When I was at University studying for a degree and social work qualification, the term 'burnout' was often bandied about. It was used to describe a state whereby the pressures of the job got so great that the practitioner became incapacitated and in extreme cases would be in danger of suffering a nervous breakdown. It was a clearly recognised condition and occupational hazard for both social workers and probation officers. It was accepted that the work in both fields would inevitably involve becoming emotionally embroiled in clients difficulties, at the same time as it being necessary to sometimes exercise extreme degrees of control that ultimately lead to the removal of children or loss of liberty.
Strangely I've never heard the term used since, it seemingly having been replaced by the concept of 'work-related stress' instead. The trouble is we all know that a degree of stress is necessary for a full and active life, so the term has never seemed to me to be a suitable replacement for a way of describing the completely debilitating state you get into when you cannot face work any more.
It happened to me several times after 18 years trouble-free service. The first time I didn't really notice it creeping up on me, but I did notice some strange things, like driving past the motorway exit I'd used virtually every working day. Like getting home and not remembering seeing any of the traffic lights. Waking up in the middle of the night for no apparent reason. The pile of PSR's to complete never seeming to go down and the demands on my time appearing to be never ending. Then something happened. In my case it was seeing a long-standing client with intractable problems and I'd simply run out of ideas. I had no answers and unusually I found I couldn't even find the energy to actively engage him. I found myself sending him away leaving me feeling utterly desolate. All I can remember is tidying my normally very chaotic desk and leaving the office, knowing that I would not be returning the next day.
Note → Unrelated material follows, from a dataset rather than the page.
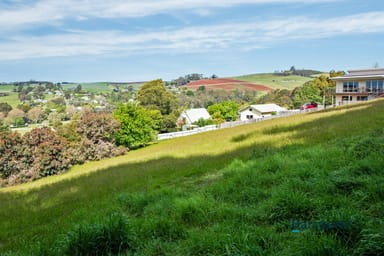 Property . Martin Road, FORTH TAS 7310 IMAGE 0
The GP was very sympathetic and understood my reasons for declining anti-depressants. I opted for counselling instead. Although I kept all eight appointments diligently, the poor counsellor must have known she had an unenviable task in trying to counsel a fellow professional. I made it as easy as possible for her and refrained from pointing out some major errors, but in the end I found it was really only the passage of time and the 'letting go' that gets you through it. I don't think I got dressed on most days and hardly ever left the house for several months.
Until it happened to me, I hadn't really appreciated how the changes in the Probation Service were having such an insidious effect. I'd put all my energy into adjusting, coping and dealing with clients in the way I'd always done and been taught. Clearly it had simply never occurred to management either that changing the whole ethos of the Service just might possibly be damaging to some of its staff. That's been one of the saddest bits of the so-called cultural revolution within the Service really.